If you are a landlord of a residential property occupied by more than one household, it may need to be licensed under the Housing Act 2004. We can provide specialist advice in relation to HMO licensing requirements.

There are three categories of licensing:

Mandatory HMO Licensing:  From the 1st October 2018 this applies to properties which are occupied by five or more persons who together do not form a single household and the property contains shared facilities such as a kitchen, bathroom or toilet.

Additional licensing: local housing authorities can designate all or part of their district as subject to licensing requirements in relation to specified types of HMO’s – which are not covered by the mandatory licensing scheme.

Selective Licensing: local housing authorities have the power to extend the licensing regime by designating all or part of their district as subject to selective licensing.
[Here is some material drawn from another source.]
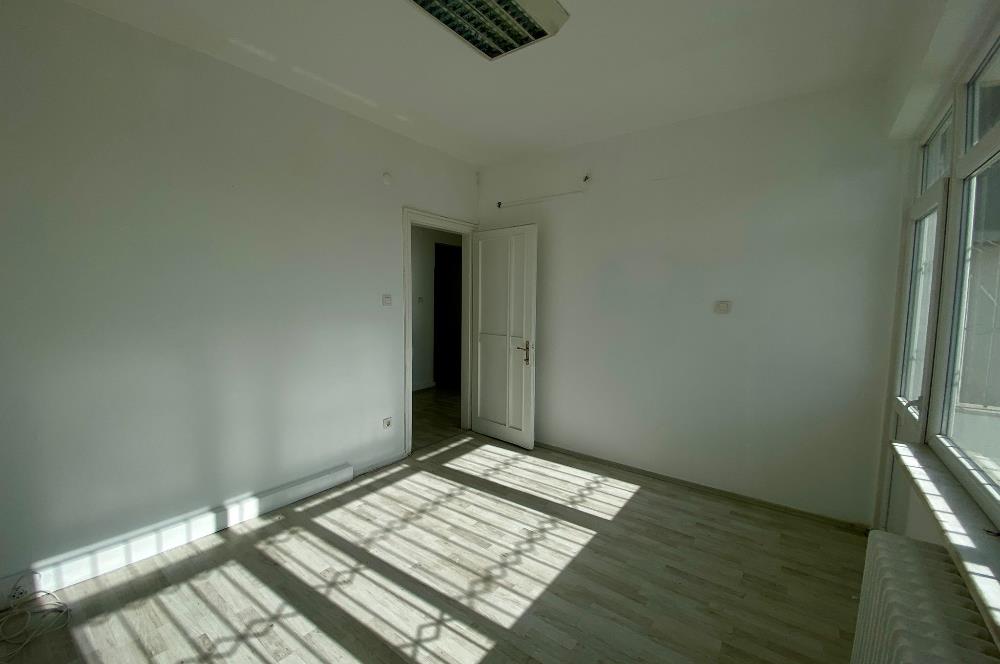 ŞİŞLİ ELMADAĞ CADDE ÜZERİ TEMİZ VE FERAH KİRALIK OFİS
More and more London Boroughs are choosing to adopt selective licensing schemes whereby most private rented properties that fall within the scheme boundary need to be licensed.

Room Size: From 1st October 2018 HMOs that are subject to mandatory licensing are also subject to a minimum room size.

Rooms that are used for sleeping must have a floor area of at least:

  • 6.51 square metres for one person aged over 10.
  • 10.22 square metres for two persons aged over 10.
  • 4.64 square metres for one person under 10 (rooms under 4.64 m2 cannot be used for sleeping).

If part of a room provides less than 1.5 metres between the floor and ceiling, this portion of the room is discounted when calculating floor area.

The above criteria are statutory minimums as local authorities have discretion to set higher standards.

Authorities must specify the maximum number of persons (if any) who can occupy a room for the purpose of sleeping accommodation, both in relation to persons under 10 years and those aged 10 or over.

The HMO licence must make provision for circumstances where a breach was not knowingly permitted by the landlord, and for allowing landlords a period of time, once notified, to remedy the breach. Landlords would be well advised to amend their tenancy agreements to oblige tenants to adhere to the rules. Landlords are also required to notify the local authority of any room in an HMO which has a floor space of less than 4.64 square metres.

A licence holder will commit a criminal offence if they fail to comply with the sleeping room standards by allowing a room to be occupied by more persons than the permitted number. A visitor sleeping in a room will not constitute a breach.